As part of Harvard Pilgrim's "Count Us In" campaign, Hill Holliday brought back to life and branded a vintage installation in a Boston subway station that lets passengers traveling in opposite directions make music--but only if they work together.
Signs ask people to simultaneously pull on levers attached to walls on the inbound and outbound sides, and when they do, hammers and chimes hanging along the tracks will create music.
The permanent installation is better known as Kendall Band, a three-piece work created by Paul Matisse, grandson of Henri Matisse.
"It was sort of a local landmark that had fallen into disrepair," said Hill Holliday CD Tim Cawley. "The handles were part of the original design and functionality, but they were literally boarded up when we went to first visit the site.
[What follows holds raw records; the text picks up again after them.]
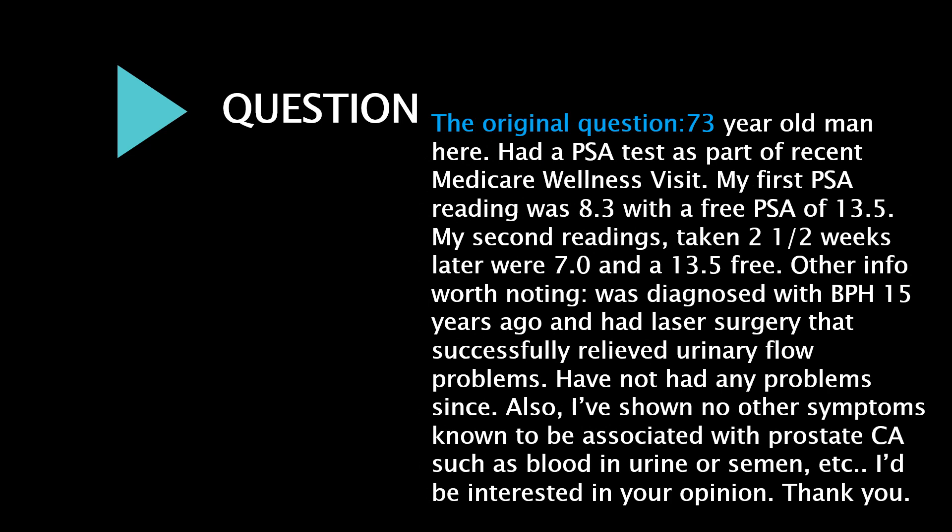The original question: a 73-year-old man had a PSA test as part of a recent Medicare wellness visit. My first PSA reading was 8.3 with a free PSA of 13.5. My second readings, taken two and a half weeks later, were 7.0 with a free PSA of 13.5.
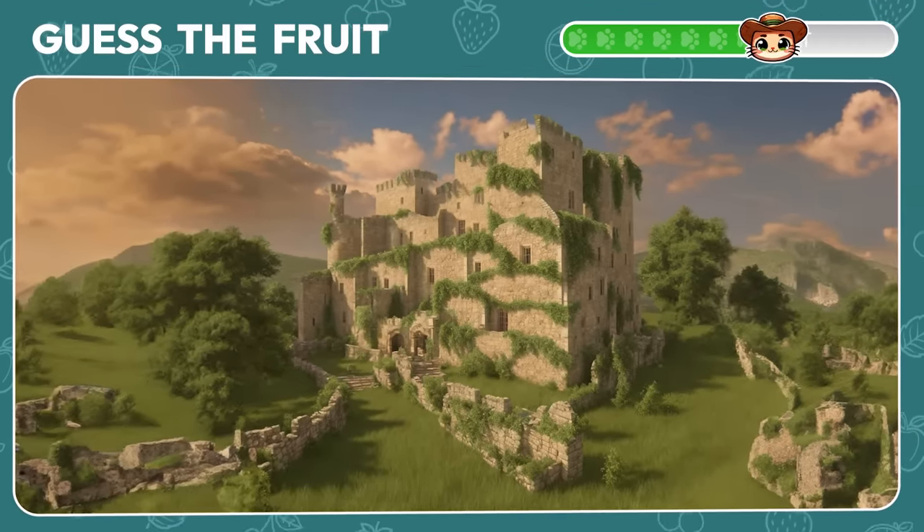What about this swamp? It's a cucumber — great job!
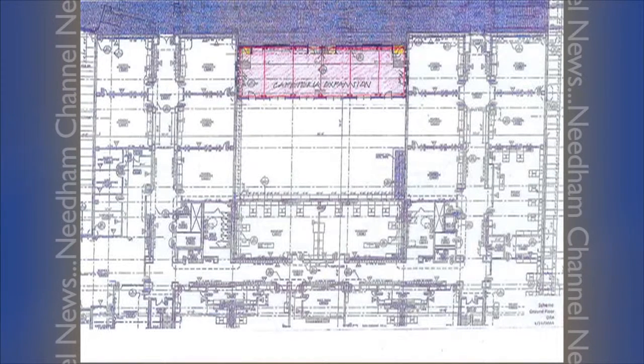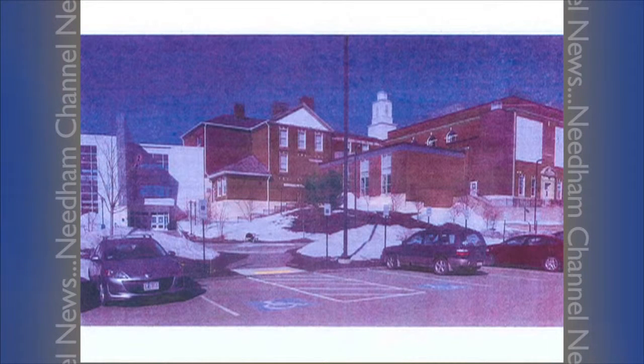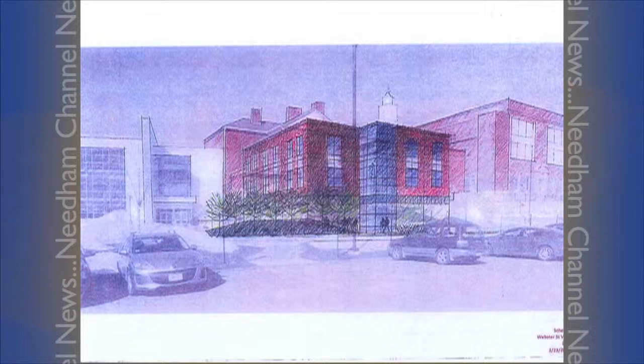Popper presented the two best scenarios. Option B involved building classrooms in the courtyard, while Option G was to build an addition along the east side facing Webster Street. With the group leaning towards Option G, Popper presented the next steps: to take the preferred scheme and do a developed cost estimate, which is where we are right now.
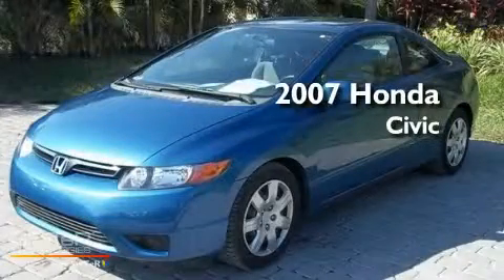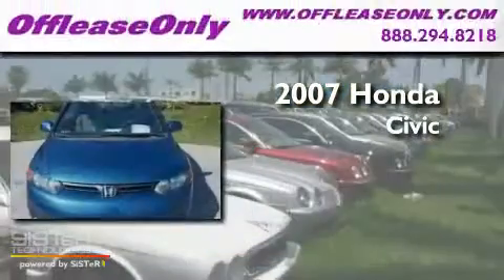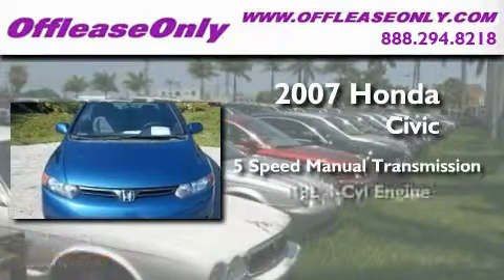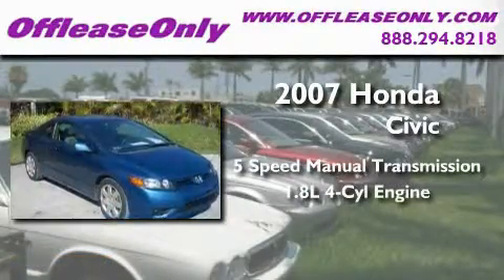This is a 2007 Honda Civic. This car has a 5-speed manual transmission and an inline 4-cylinder engine.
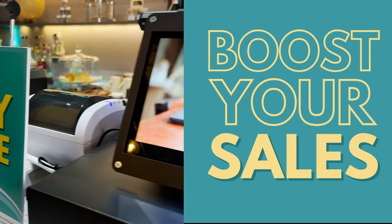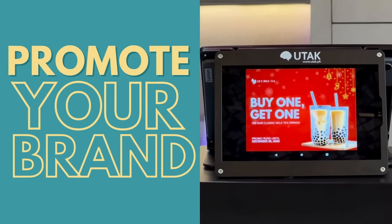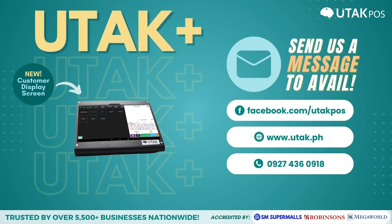Customize UTAC+'s interface to match your brand identity, upsell with marketing promos, and eye-catching visuals. Experience the future of efficient ordering. UTAC+ — elevate your business one order at a time.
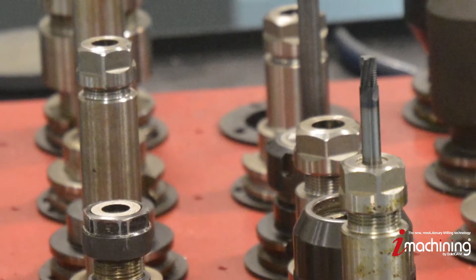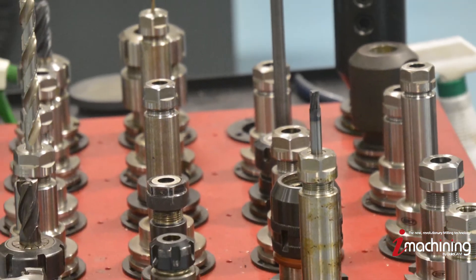Some of the features that we like in SolidCAM, such as iMachining, will not only allow us to produce parts faster — we can actually save tool life, which of course saves cost, and that's always an advantage.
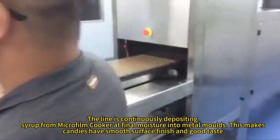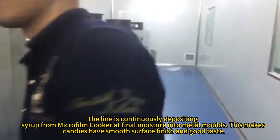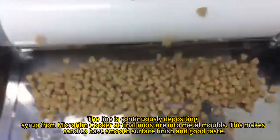The line continuously deposits syrup from the cooker and final moisture control malt. The candies have a smooth surface finish and good taste.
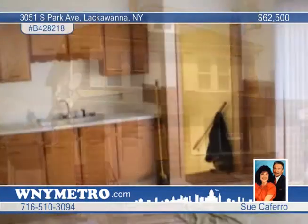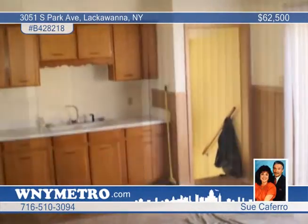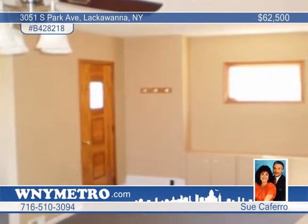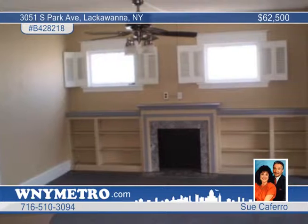Clean, fresh and updated, this spacious 3 bedroom home in Lackawanna has a remarkable interior. Features include an updated and remodeled bath, and newer carpets on the second floor.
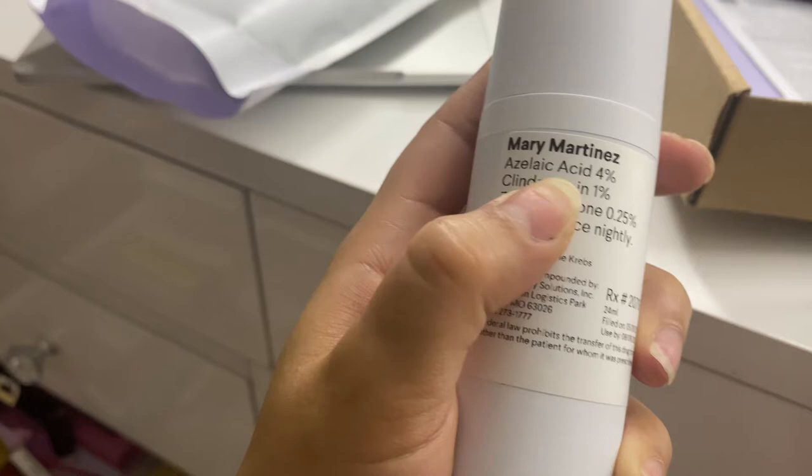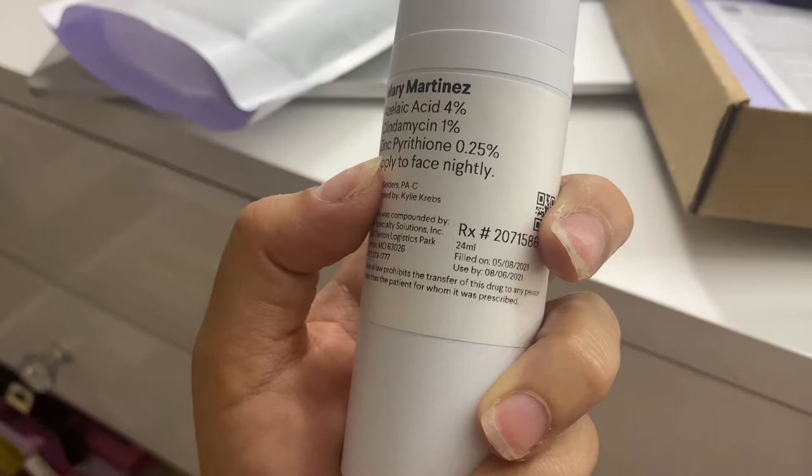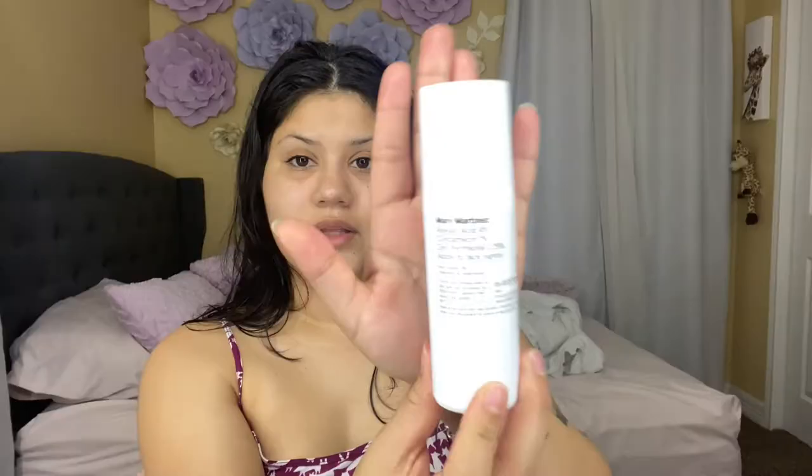So this is mine — it says my name, Mary Martinez. It has four percent of this ingredient, one percent of this one, and 0.25 percent of another — and it says to apply to your face nightly. So this one you put on at night.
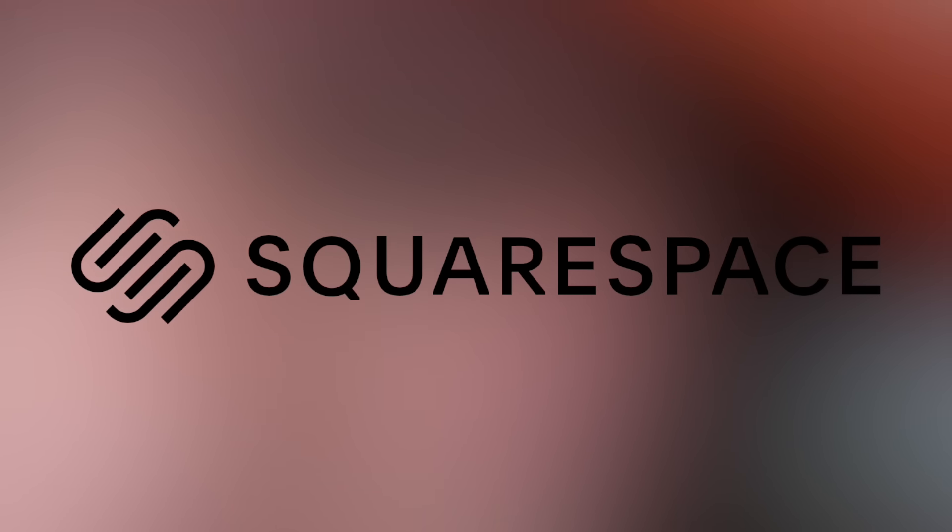This video is sponsored by Squarespace. Squarespace is the all-in-one platform that makes it easy to create, engage with your audience, and sell anything from products to content to time.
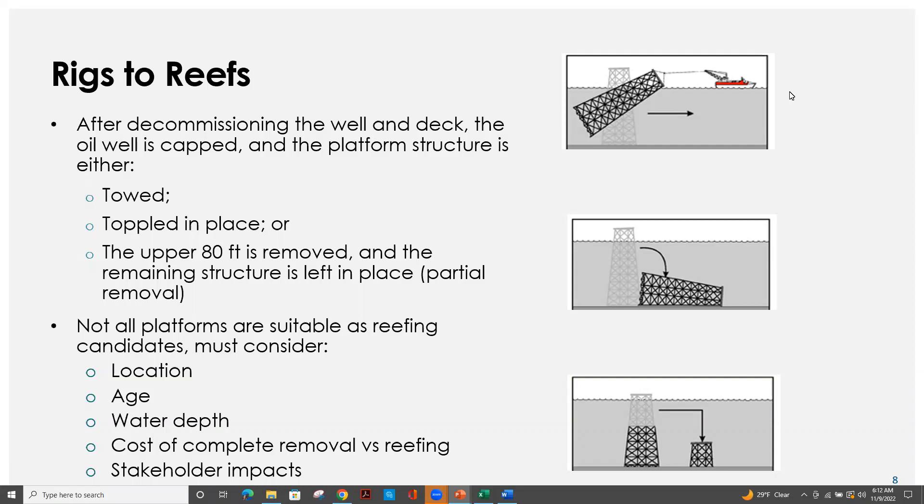Finally, we want to consider stakeholder impacts. In California and areas of West Africa, trawl fishermen are significant stakeholders and would like to see most offshore oil platforms removed. However, in many regions such as Malaysia, artisanal fisheries are heavily reliant on these platform structures and would like to see them stay in place as they serve as fisheries production sites.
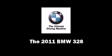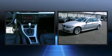Here's a great deal on a 2011 BMW 328. It features an automatic transmission, rear-wheel drive, and a 3-liter 6-cylinder engine.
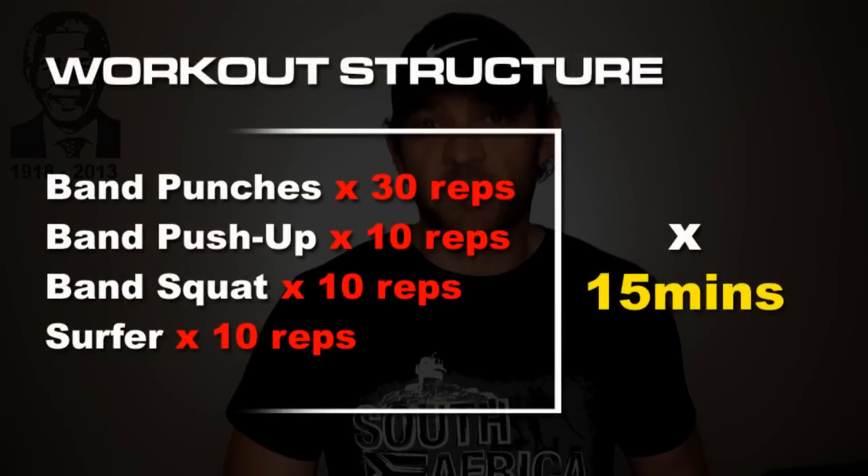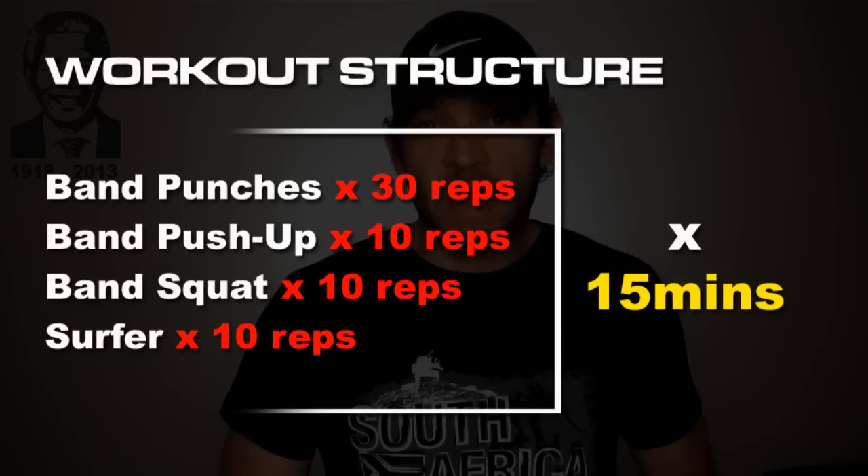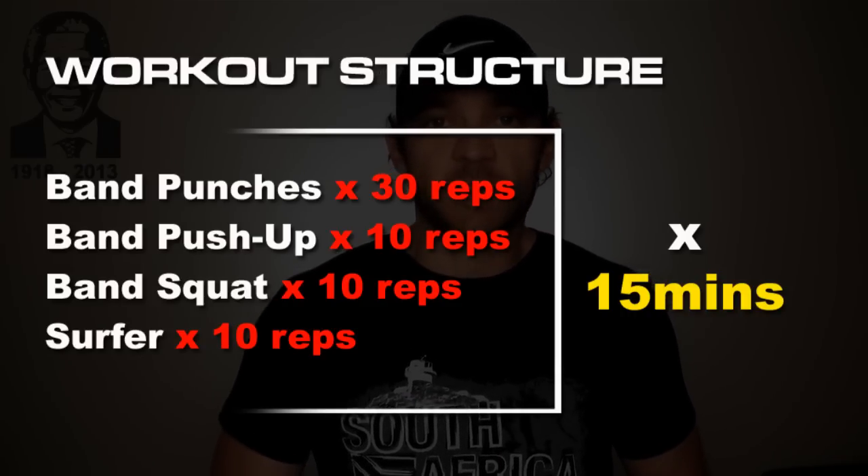To get the most from these exercises: start with 50 band punches — every punch is one rep — then straight into 10 band push-ups, 10 band squats, and 10 surfer jumps. Once you've completed all four exercises, that's one set. Try to do as many sets as possible in 15 minutes. If you stop mid-set, continue where you left off and rest when you need to. Once it becomes too easy, take it up to 20 or 25 minutes.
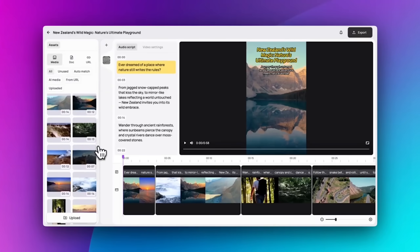From concept to final cut, it doesn't just assist — it creates. And once you see how it works, you'll understand why brands everywhere are rethinking how videos are made. Let's find out how.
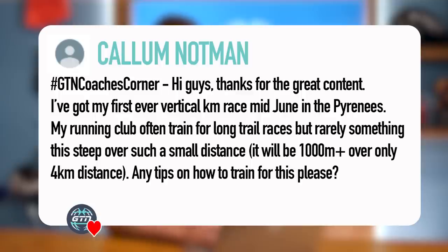First question is from Callum Notman: 'Hi guys, thanks for the great content. I've got my first ever vertical kilometer race mid-June in the Pyrenees. My running club often trains for long trail races, but something this steep over such a small distance — a thousand meters of elevation over a four kilometer distance — is different. Any tips on how to train for this please?'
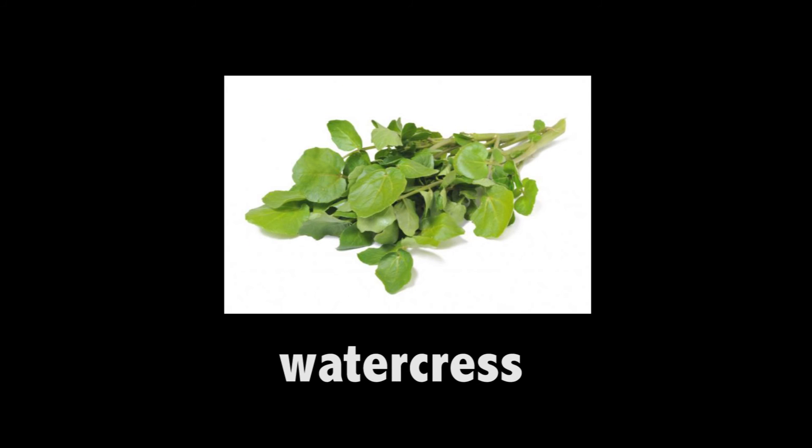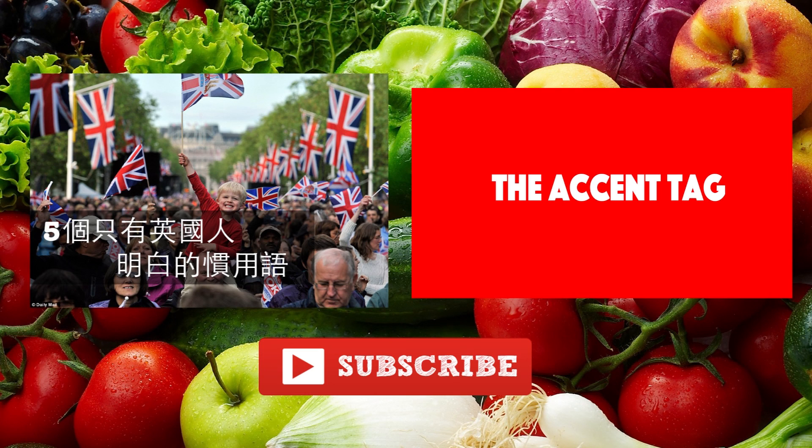Watercress. It's grown in water. You normally put it in salads or a sandwich. Watercress. That's it for today. Hope you have learned something from this video. Thank you.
When we were thinking about an environmental/ street -level/ participatory execution of the campaign, we thought about building something from scratch, but one of our team members rides that subway line and thought this might be a good fit. Plus , it was on the 'red' line which is Harvard Pilgrim's brand color. It was meant to be."
Cawley added the Harvard Pilgrim will be funding the installation's future upkeep. The installation itself, as well as Harvard Pilgrim's continued support of it, is another example of the "teamwork" theme apparent in the campaign's TV spots, which utilized found footage to promote the idea that "Amazing things happen when people work together."